◆ Exercise: Look through the listing below for the line containing "Rockshox SID RLT". Copy it and each line after it up to and including the line containing "Plánuješ svatbu? Tohle", exactly, leaving out pictures.

========

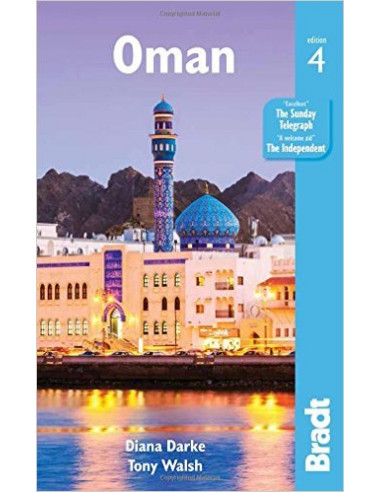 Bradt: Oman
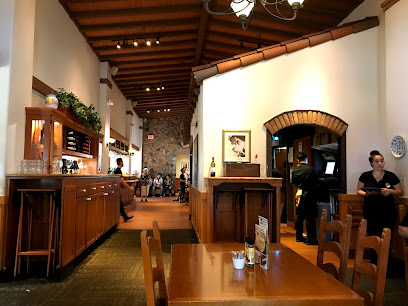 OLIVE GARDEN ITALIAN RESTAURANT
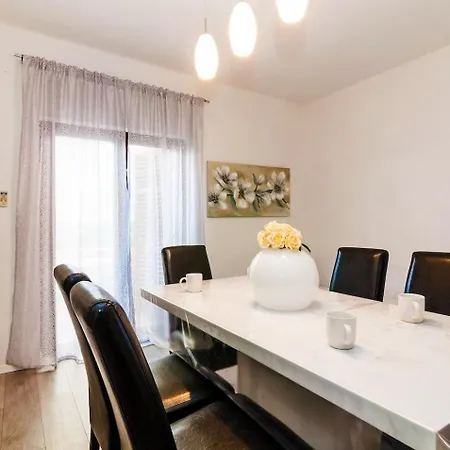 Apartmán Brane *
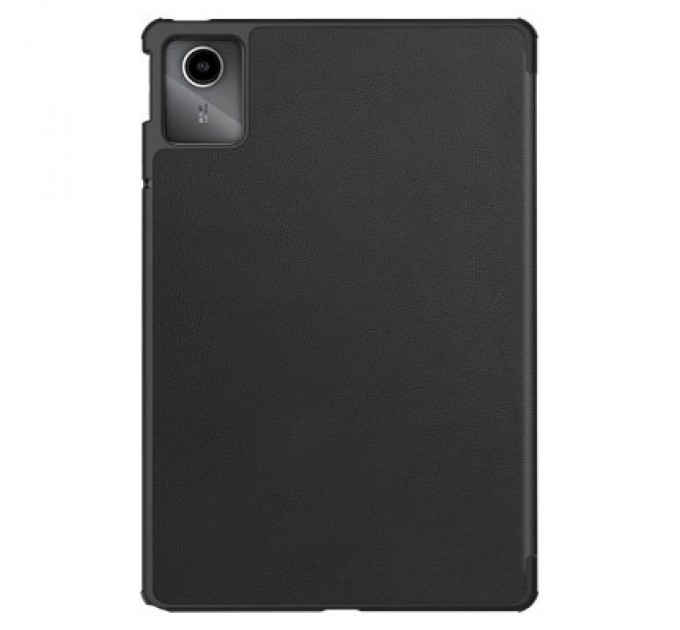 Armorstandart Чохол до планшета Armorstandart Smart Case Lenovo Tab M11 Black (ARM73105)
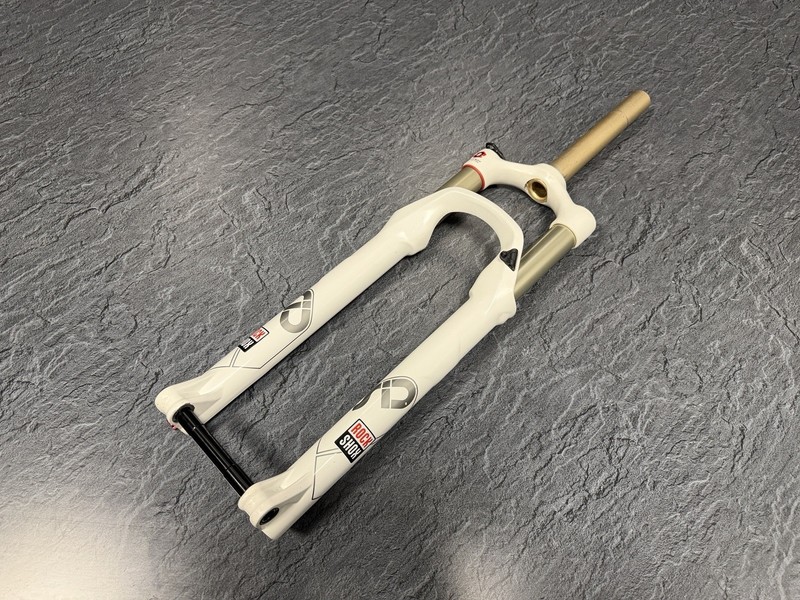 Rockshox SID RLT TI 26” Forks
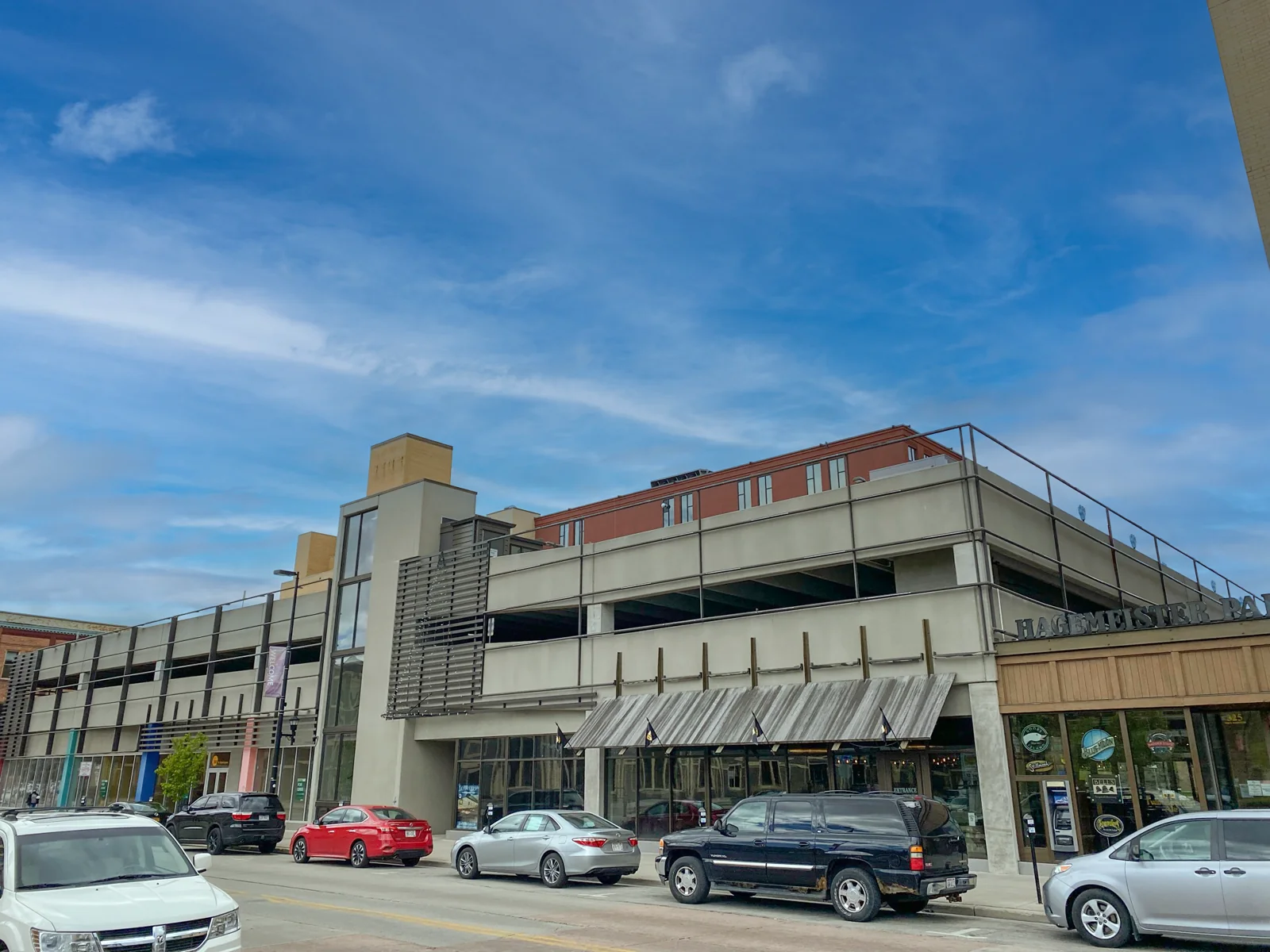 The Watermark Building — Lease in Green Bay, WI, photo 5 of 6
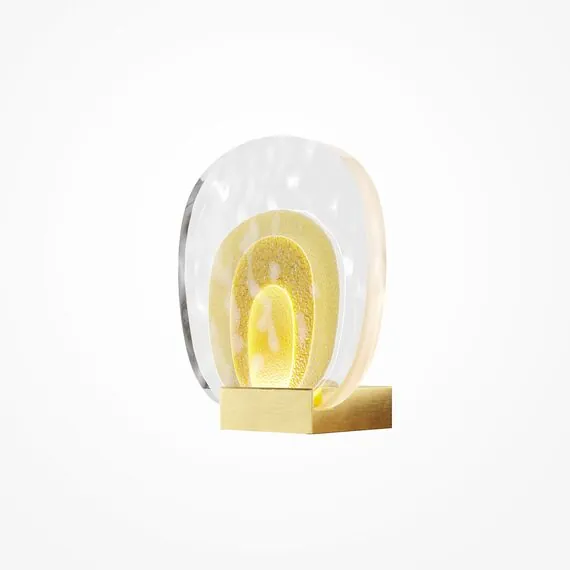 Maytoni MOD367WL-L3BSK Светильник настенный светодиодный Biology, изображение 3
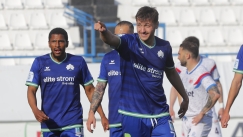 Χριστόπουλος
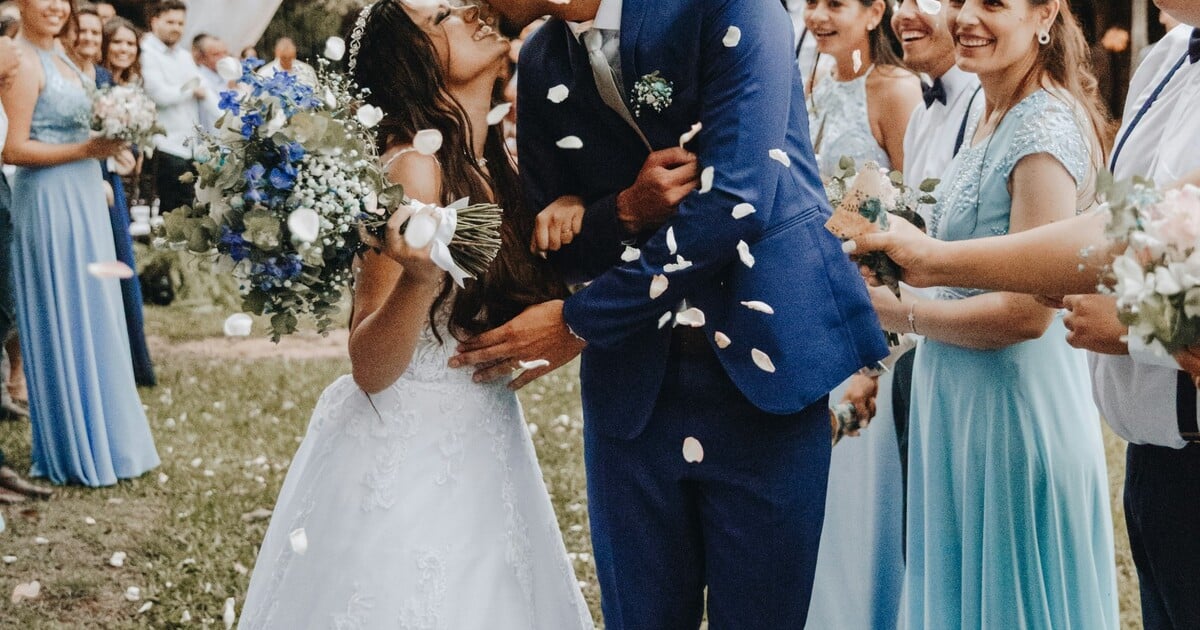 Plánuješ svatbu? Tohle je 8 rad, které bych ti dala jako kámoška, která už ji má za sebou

========

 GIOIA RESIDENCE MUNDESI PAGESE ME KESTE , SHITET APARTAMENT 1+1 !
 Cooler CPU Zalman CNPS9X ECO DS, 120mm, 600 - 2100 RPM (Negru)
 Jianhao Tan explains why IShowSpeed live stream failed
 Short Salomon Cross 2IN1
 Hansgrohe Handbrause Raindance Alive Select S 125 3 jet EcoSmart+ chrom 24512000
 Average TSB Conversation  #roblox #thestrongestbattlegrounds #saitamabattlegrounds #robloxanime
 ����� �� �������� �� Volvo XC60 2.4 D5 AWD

========

◆ Response to this task:
 Rockshox SID RLT TI 26” Forks
 The Watermark Building — Lease in Green Bay, WI, photo 5 of 6
 Maytoni MOD367WL-L3BSK Светильник настенный светодиодный Biology, изображение 3
 Χριστόπουλος
 Plánuješ svatbu? Tohle je 8 rad, které bych ti dala jako kámoška, která už ji má za sebou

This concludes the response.